Topeka Alcohol-related traffic fatalities have dropped 30 percent since a strong ignition interlock law went into effect, advocates of the law said today.
"Our progress in the fight to eliminate drunk driving in Kansas is significant," said Chris Mann, who is chair of the advisory board for Kansas Mothers Against Drunk Driving. "Through MADD's work with lawmakers and law enforcement, we are making Kansas roads safer for everyone."
In 2011, the Legislature enacted a law requiring ignition interlocks for all convicted drunken drivers. The law requires a DUI offender to install an ignition interlock, or in-car breathalyzer, device. The driver must blow into the device to prove he or she is sober before the car will start.

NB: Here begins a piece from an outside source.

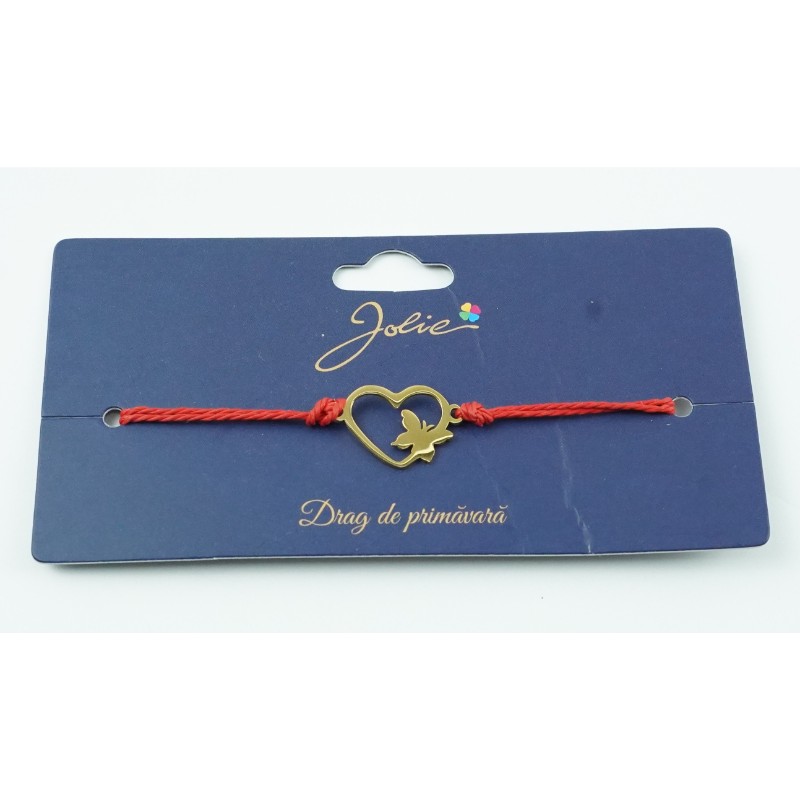 Bratara Primavara - Bratara Aurie Inox M11 Inima cu Fluture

Research indicates that requiring an ignition interlock for all drunken driving offenders reduces repeat offenses by two-thirds and significantly cuts the number of drunken driving deaths, MADD said.
In Kansas, the number of drunken driving deaths has fallen from 138 in 2010 to 94 in 2012.
Of the 20 states that have passed similar ignition interlock laws, Kansas is one of only three that put in a sunset provision.
MADD urged the Legislature to repeal the sunset provision, which would take effect on July 1, 2015 — meaning interlock devices would no longer be required.
"Lawmakers must allow more lives to be saved by taking action in 2014 to eliminate the sunset clause of this lifesaving interlock law," said MADD National President Jan Withers.